July 2, 2009: Researchers at Georgia Tech have developed a new statistical analysis technique that could lead to more precise and reliable measurements of nanomaterials and nanostructures.

The technique, “sequential profile adjustment by regression” (SPAR), identifies and removes system bias, noise, and equipment-based artifacts, which at the nanoscale may be only slightly weaker than true signals of interest. It also can help reduce the amount of experimental data required to make conclusions, and help distinguish true nanoscale phenomena from experimental error.

“At the nanoscale, small errors are amplified,” explained Zhong Lin Wang from Georgia Tech’s School of Materials Science and Engineering. “This new technique applies statistical theory to identify and analyze the data received from nanomechanics so we can be more confident of how reliable it is.”

Specifically, the research focused on a data set measuring the deformation of zinc oxide nanobelts, to determine the material’s elastic modulus. Theoretically, applying force to a nanobelt with the tip of an atomic force microscope should produce consistent linear deformation — but their experimental data showed that sometimes less force appeared to create more deformation and the deformation curve was not symmetrical, and simple data-correction techniques didn’t solve the mystery. “The measurements they had done simply didn’t match what was expected with the theoretical model,” noted Georgia Tech prof. C.F. Jeff Wu. The new modeling technique “uses the data itself to filter out the mismatch step-by-step using the regression technique,” he said.

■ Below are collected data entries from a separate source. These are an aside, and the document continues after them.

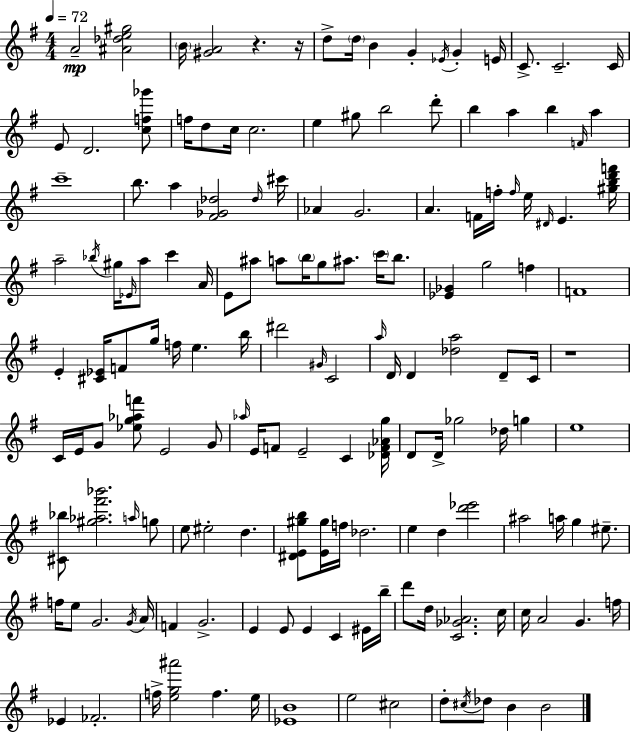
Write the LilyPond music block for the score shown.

{
  \clef treble
  \numericTimeSignature
  \time 4/4
  \key e \minor
  \tempo 4 = 72
  a'2--\mp <ais' des'' e'' gis''>2 | \parenthesize b'16 <gis' a'>2 r4. r16 | d''8-> \parenthesize d''16 b'4 g'4-. \acciaccatura { ees'16 } g'4-. | e'16 c'8.-> c'2.-- | \break c'16 e'8 d'2. <c'' f'' ges'''>8 | f''16 d''8 c''16 c''2. | e''4 gis''8 b''2 d'''8-. | b''4 a''4 b''4 \grace { f'16 } a''4 | \break c'''1-- | b''8. a''4 <fis' ges' des''>2 | \grace { des''16 } cis'''16 aes'4 g'2. | a'4. f'16 f''16-. \grace { f''16 } e''16 \grace { dis'16 } e'4. | \break <gis'' b'' d''' f'''>16 a''2-- \acciaccatura { bes''16 } gis''16 \grace { ees'16 } | a''8 c'''4 a'16 e'8 ais''8 a''8 \parenthesize b''16 g''8 | ais''8. \parenthesize c'''16 b''8. <ees' ges'>4 g''2 | f''4 f'1 | \break e'4-. <cis' ees'>16 f'8 g''16 f''16 | e''4. b''16 dis'''2 \grace { gis'16 } | c'2 \grace { a''16 } d'16 d'4 <des'' a''>2 | d'8-- c'16 r1 | \break c'16 e'16 g'8 <ees'' g'' aes'' f'''>8 e'2 | g'8 \grace { aes''16 } e'16 f'8 e'2-- | c'4 <des' f' aes' g''>16 d'8 d'16-> ges''2 | des''16 g''4 e''1 | \break <cis' bes''>8 <gis'' aes'' fis''' bes'''>2. | \grace { a''16 } g''8 e''8 eis''2-. | d''4. <dis' e' gis'' b''>8 <e' gis''>16 f''16 des''2. | e''4 d''4 | \break <d''' ees'''>2 ais''2 | a''16 g''4 eis''8.-- f''16 e''8 g'2. | \acciaccatura { g'16 } a'16 f'4 | g'2.-> e'4 | \break e'8 e'4 c'4 eis'16 b''16-- d'''8 d''16 <c' ges' aes'>2. | c''16 c''16 a'2 | g'4. f''16 ees'4 | fes'2.-. f''16-> <e'' g'' ais'''>2 | \break f''4. e''16 <ees' b'>1 | e''2 | cis''2 d''8-. \acciaccatura { cis''16 } des''8 | b'4 b'2 \bar "|."
}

Georgia Tech researchers illustrate how their new technique improves measurement of nanostructure properties, in this case a graph of elastic modulus of nanobelts. (Georgia Tech Photo: Gary Meek)

In addition to correcting the errors, the technique’s precision could make it easier to produce reliable experimental data on nanostructure properties. “With half of the experimental efforts, you can get about the same standard deviation as following the earlier method without the corrections,” Wu stated. The technique also targets industrial manufacturing environments — i.e., commercialization — “because industrial users cannot afford to make a detailed study of every production run […] the significant experimental errors can be filtered out automatically,” Wu noted.

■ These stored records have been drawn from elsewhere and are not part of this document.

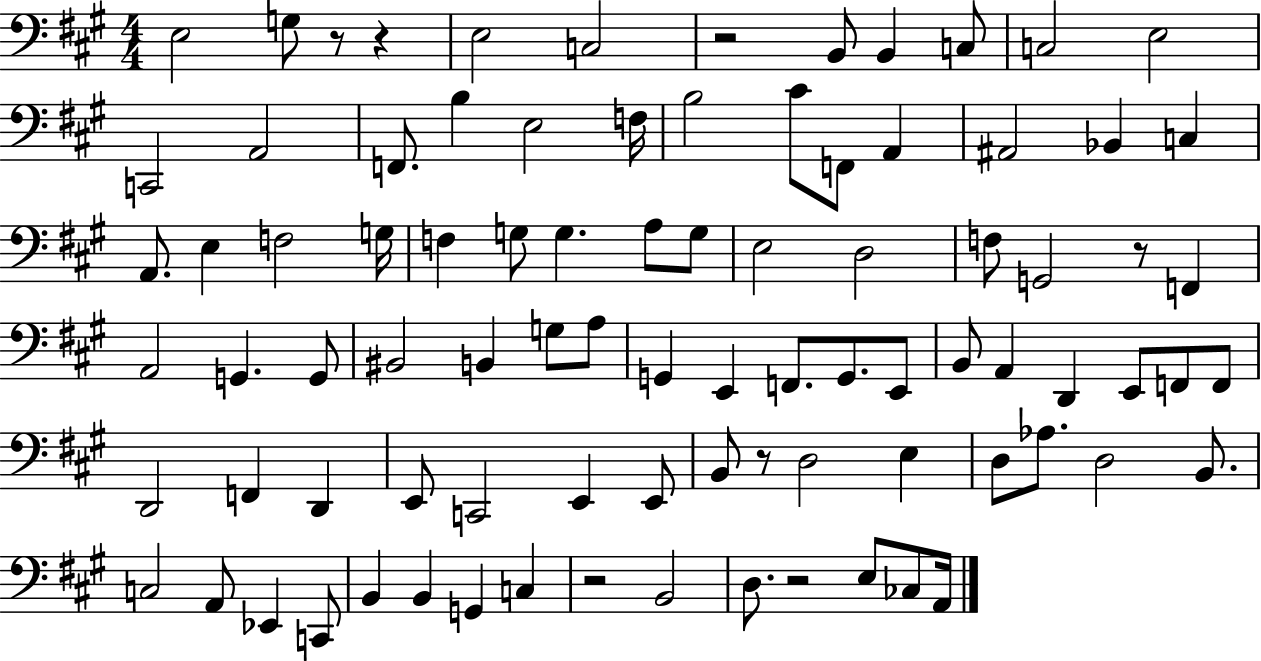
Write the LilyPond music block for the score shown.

{
  \clef bass
  \numericTimeSignature
  \time 4/4
  \key a \major
  e2 g8 r8 r4 | e2 c2 | r2 b,8 b,4 c8 | c2 e2 | \break c,2 a,2 | f,8. b4 e2 f16 | b2 cis'8 f,8 a,4 | ais,2 bes,4 c4 | \break a,8. e4 f2 g16 | f4 g8 g4. a8 g8 | e2 d2 | f8 g,2 r8 f,4 | \break a,2 g,4. g,8 | bis,2 b,4 g8 a8 | g,4 e,4 f,8. g,8. e,8 | b,8 a,4 d,4 e,8 f,8 f,8 | \break d,2 f,4 d,4 | e,8 c,2 e,4 e,8 | b,8 r8 d2 e4 | d8 aes8. d2 b,8. | \break c2 a,8 ees,4 c,8 | b,4 b,4 g,4 c4 | r2 b,2 | d8. r2 e8 ces8 a,16 | \break \bar "|."
}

Future work will target the statistical technique to analysis of the properties of nanowires, whose structure will require a separate model using the same SPAR techniques to correct data errors, Wu noted. The technique also will be applied to past research to possibly generate new findings. “What may have seemed like noise could actually be an important signal,” Wang said. “This technique provides a truly new tool for data mining and analysis in nanotechnology.”

The research, sponsored by the NSF, was published June 25 by the journal Proceedings of the National Academy of Sciences.

SEM images showing a zinc oxide nanobelt on a trenched substrate. An atomic force microscope tip was scanned along the length of the nanobelt with a constant force applied. A series of such scans with the application of different forces produced a bending profile of the nanobelt. These bending measurements were then evaluated using the new SPAR technique to provide information on the nanostructure’s elastic modulus. (Images courtesy of Zhong Lin Wang/Georgia Tech)